* _EXERCISE DESCRIPTION_: Identify each line below containing the string "colorful" and copy it.

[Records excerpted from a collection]
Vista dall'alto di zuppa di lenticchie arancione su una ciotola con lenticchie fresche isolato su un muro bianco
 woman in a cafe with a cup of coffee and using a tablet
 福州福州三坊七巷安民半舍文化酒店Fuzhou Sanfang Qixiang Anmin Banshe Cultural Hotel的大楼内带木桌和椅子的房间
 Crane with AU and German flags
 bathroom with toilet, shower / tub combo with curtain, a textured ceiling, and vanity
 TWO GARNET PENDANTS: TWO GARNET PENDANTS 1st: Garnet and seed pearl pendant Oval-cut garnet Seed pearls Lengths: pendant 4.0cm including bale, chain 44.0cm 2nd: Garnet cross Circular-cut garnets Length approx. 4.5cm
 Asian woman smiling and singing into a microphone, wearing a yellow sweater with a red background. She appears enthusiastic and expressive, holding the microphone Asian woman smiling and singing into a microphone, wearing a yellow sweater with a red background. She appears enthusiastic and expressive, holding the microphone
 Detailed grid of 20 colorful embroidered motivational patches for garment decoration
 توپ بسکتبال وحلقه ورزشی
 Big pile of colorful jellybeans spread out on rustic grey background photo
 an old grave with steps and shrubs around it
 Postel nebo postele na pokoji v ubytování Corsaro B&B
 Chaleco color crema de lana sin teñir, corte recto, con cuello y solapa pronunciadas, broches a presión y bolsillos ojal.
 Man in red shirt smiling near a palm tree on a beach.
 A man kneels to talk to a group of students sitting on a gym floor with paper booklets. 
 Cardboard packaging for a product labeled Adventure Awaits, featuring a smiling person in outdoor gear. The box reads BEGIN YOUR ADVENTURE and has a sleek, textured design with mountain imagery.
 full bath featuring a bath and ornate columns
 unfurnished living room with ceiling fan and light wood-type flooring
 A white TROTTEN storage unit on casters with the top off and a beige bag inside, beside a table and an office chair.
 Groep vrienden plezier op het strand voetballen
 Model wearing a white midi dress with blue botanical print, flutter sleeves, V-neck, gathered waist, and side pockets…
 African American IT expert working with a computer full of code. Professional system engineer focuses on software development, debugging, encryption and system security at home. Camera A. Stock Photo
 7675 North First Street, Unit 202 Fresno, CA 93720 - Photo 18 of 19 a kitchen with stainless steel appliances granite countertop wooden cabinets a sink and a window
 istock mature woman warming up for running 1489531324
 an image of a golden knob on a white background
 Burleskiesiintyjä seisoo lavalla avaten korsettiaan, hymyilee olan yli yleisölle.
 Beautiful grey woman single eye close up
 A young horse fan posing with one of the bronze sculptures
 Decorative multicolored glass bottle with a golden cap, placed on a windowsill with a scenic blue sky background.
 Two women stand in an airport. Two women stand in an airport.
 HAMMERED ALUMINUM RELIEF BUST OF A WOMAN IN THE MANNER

* _TASK RESPONSE_:
 Detailed grid of 20 colorful embroidered motivational patches for garment decoration
 Big pile of colorful jellybeans spread out on rustic grey background photo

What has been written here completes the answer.